ICC decides to have a cut-off at 8 iterations, having an unrolled vectorized
iteration

..B1.4:                         # Preds ..B1.4 ..B1.3
        addl      $8, %eax                                      #4.3
        movaps    %xmm0, a(,%rdx,8)                             #5.5
        cmpl      %ecx, %eax                                    #4.3
        movaps    %xmm0, 16+a(,%rdx,8)                          #5.5
        movaps    %xmm0, 32+a(,%rdx,8)                          #5.5
        movaps    %xmm0, 48+a(,%rdx,8)                          #5.5
        movl      %eax, %edx                                    #4.3
        jb        ..B1.4 

with a shared scalar epilogue (shared with the non-vectorized path)

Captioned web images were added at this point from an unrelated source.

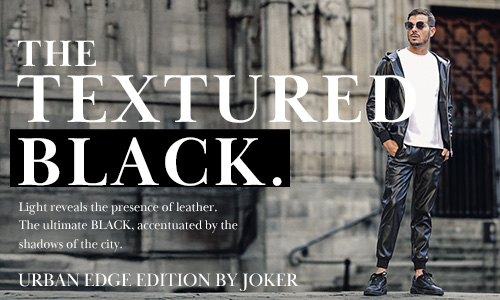 PUレザーで仕上げる都会スタイル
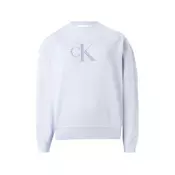 Calvin Klein Jeans Sweater majica safirno plava / svijetloljubicasta / bijela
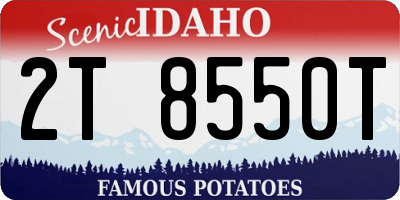 ID license plate 2T8550T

..B1.8:                         # Preds ..B1.8 ..B1.7
        incl      %edx                                          #4.3
        movq      %rax, a(,%rcx,8)                              #5.5
        incl      %ecx                                          #4.3
        cmpl      %edi, %edx                                    #4.3
        jb        ..B1.8  

where at least that scalar loop with two IVs looks sub-optimal.

This also shows that unrolling from within the vectorizer might be more
profitable than doing it afterwards (generating an additional vectorized
epilogue for the remaining vectorized iterations).  Code-size wise, of course.

Comment 3 Richard Biener 2022-03-29 13:10:51 UTC

It's difficult to find a testcase that we'd vectorize with a runtime profitability check but whithout any versioning or peeling because we should always be able to statically decide profitability there - more vector iterations
shouldn't be able to offset any outside cost on the vector path because there is none (well, an "excessive" number of emitted splats maybe - but that starts to be quite a bit tricky).